───── DATASET EXCERPTS ─────
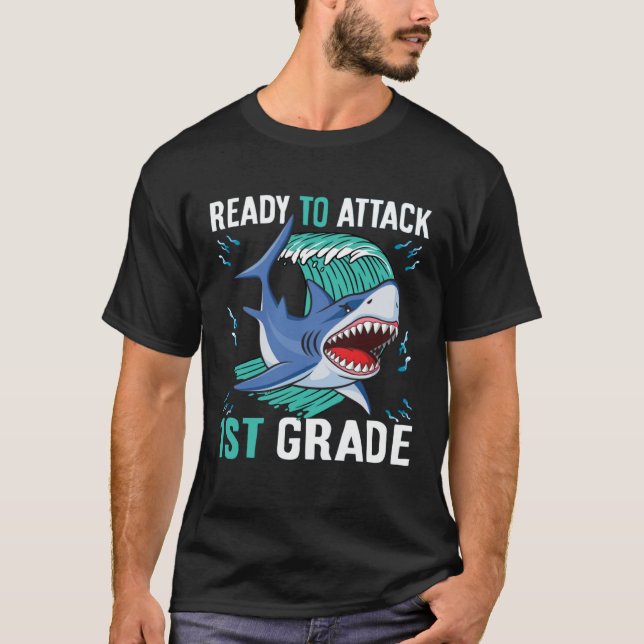 First Day Of School  Kids Ready To Attack 1st Grad T Shirt (Framsida)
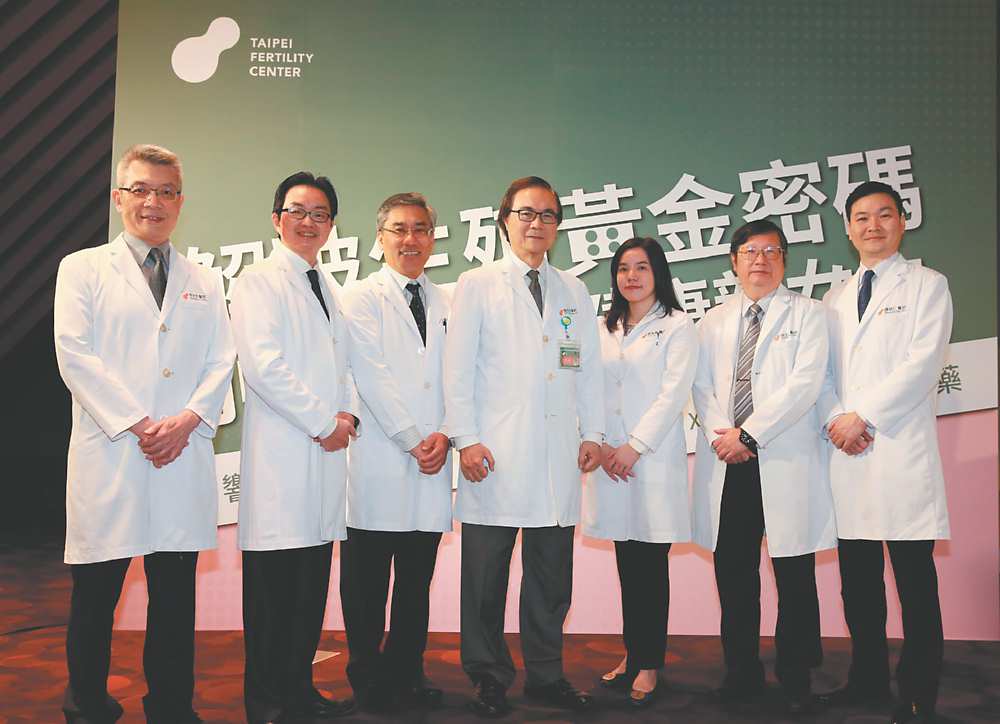 ●台灣試管嬰兒之父曾啟瑞(中)領軍的TFC臺北婦產科診所生殖中心,15日舉辦大型生殖醫學講座推廣「生育規劃」,醫師團隊左起為林時羽、何彦秉、王瑞生、曾啟瑞、李怡萱、胡玉銘、譚舜仁。圖/TFC提供 image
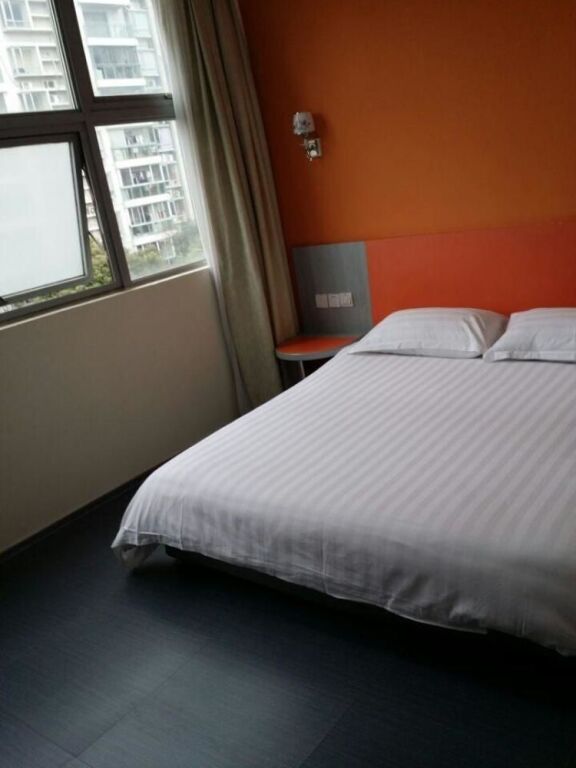 Шанхай: Motel 168 Hotel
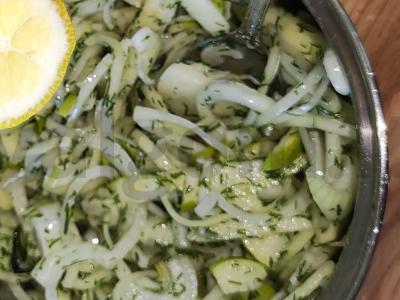 Marinuoti svogūnai su obuoliais Žingsnis 4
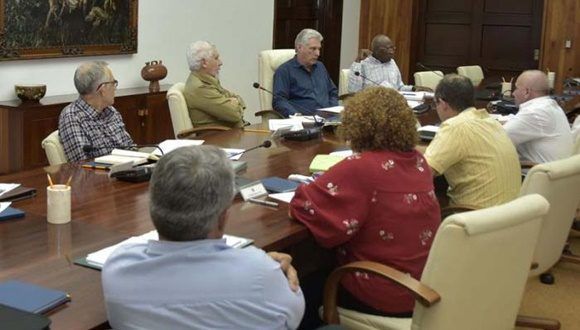 Foto: Tomada de granma.cu Examina Díaz-Canel programas fundamentales para el desarrollo de la nación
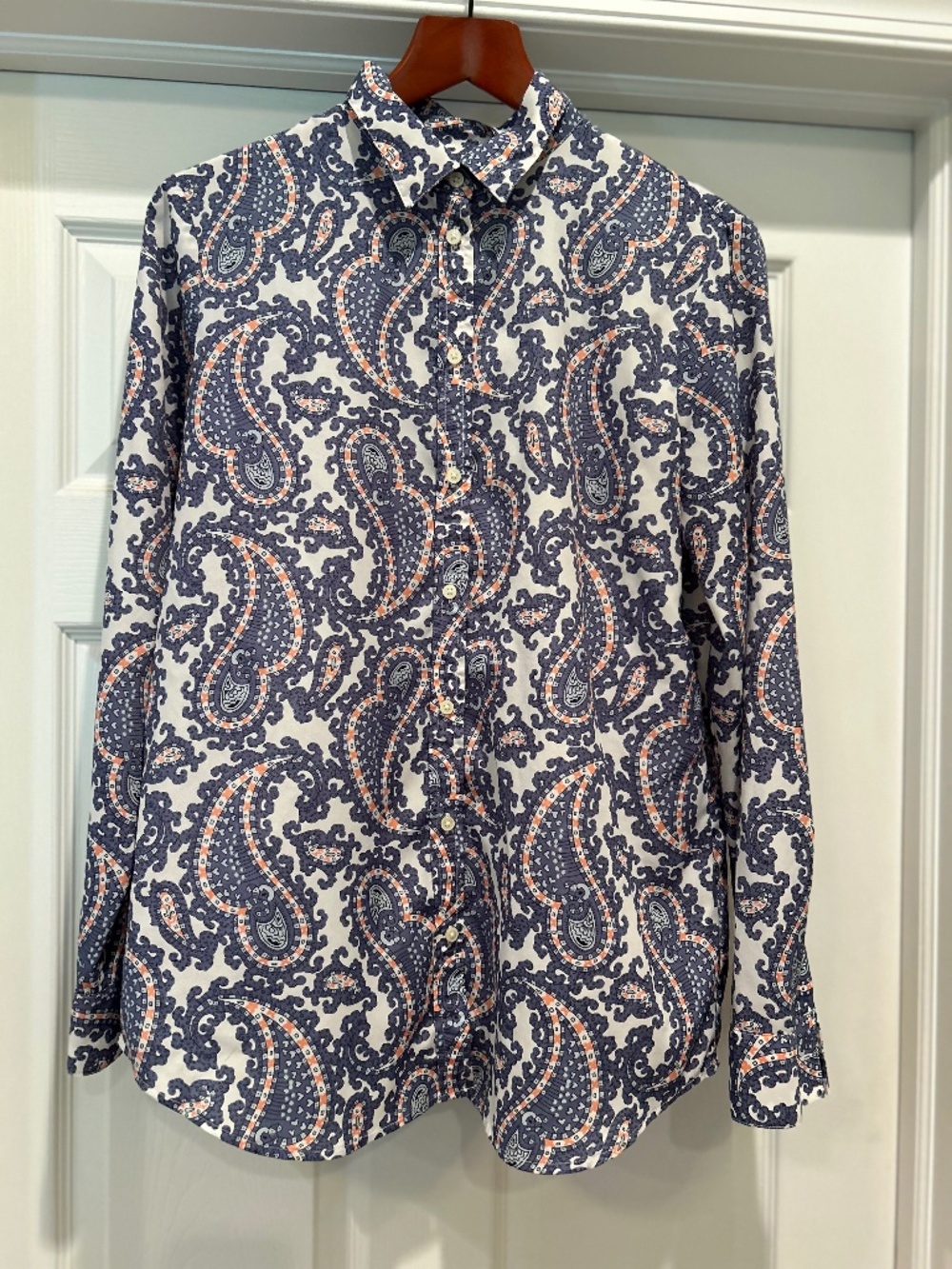 Banana Republic dillion paisley shirt button down medium blouse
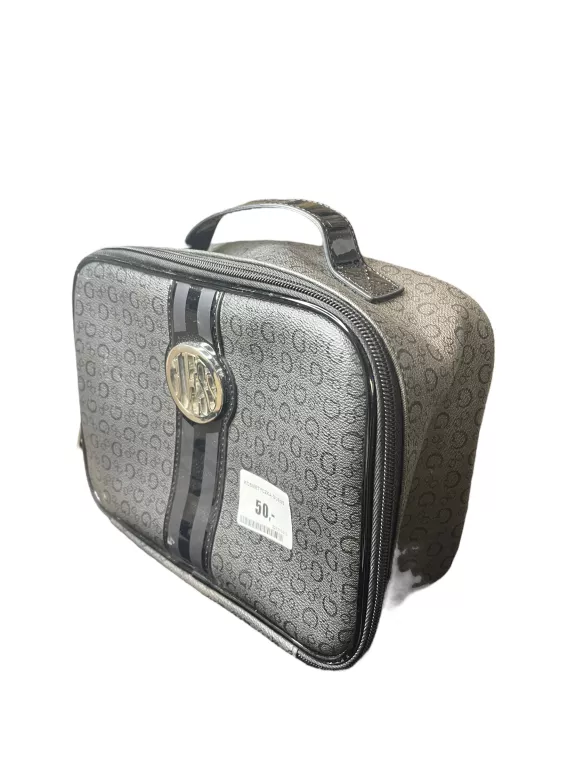 kosmetyczka-guess-brudna-do-wyczyszczenia-slupska-14-katowice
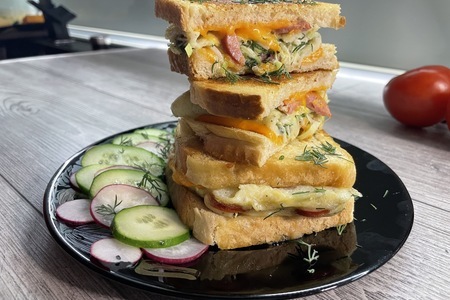Фото к рецепту: Горячий бутерброд с молодой капустой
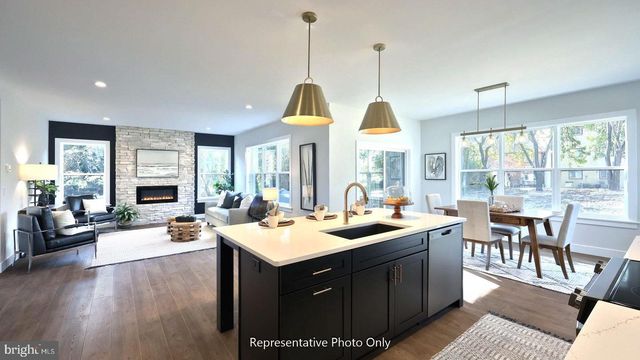 127 SOUTH MOUNTAIN DR, Carlisle, PA 17013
─────
- WORK INSTRUCTION -
The records above are to be restated exactly, without their pictures.

- WRITTEN REPLY -
 First Day Of School  Kids Ready To Attack 1st Grad T Shirt (Framsida)
 ●台灣試管嬰兒之父曾啟瑞(中)領軍的TFC臺北婦產科診所生殖中心,15日舉辦大型生殖醫學講座推廣「生育規劃」,醫師團隊左起為林時羽、何彦秉、王瑞生、曾啟瑞、李怡萱、胡玉銘、譚舜仁。圖/TFC提供 image
 Шанхай: Motel 168 Hotel
 Marinuoti svogūnai su obuoliais Žingsnis 4
 Foto: Tomada de granma.cu Examina Díaz-Canel programas fundamentales para el desarrollo de la nación
 Banana Republic dillion paisley shirt button down medium blouse
 kosmetyczka-guess-brudna-do-wyczyszczenia-slupska-14-katowice
Фото к рецепту: Горячий бутерброд с молодой капустой
 127 SOUTH MOUNTAIN DR, Carlisle, PA 17013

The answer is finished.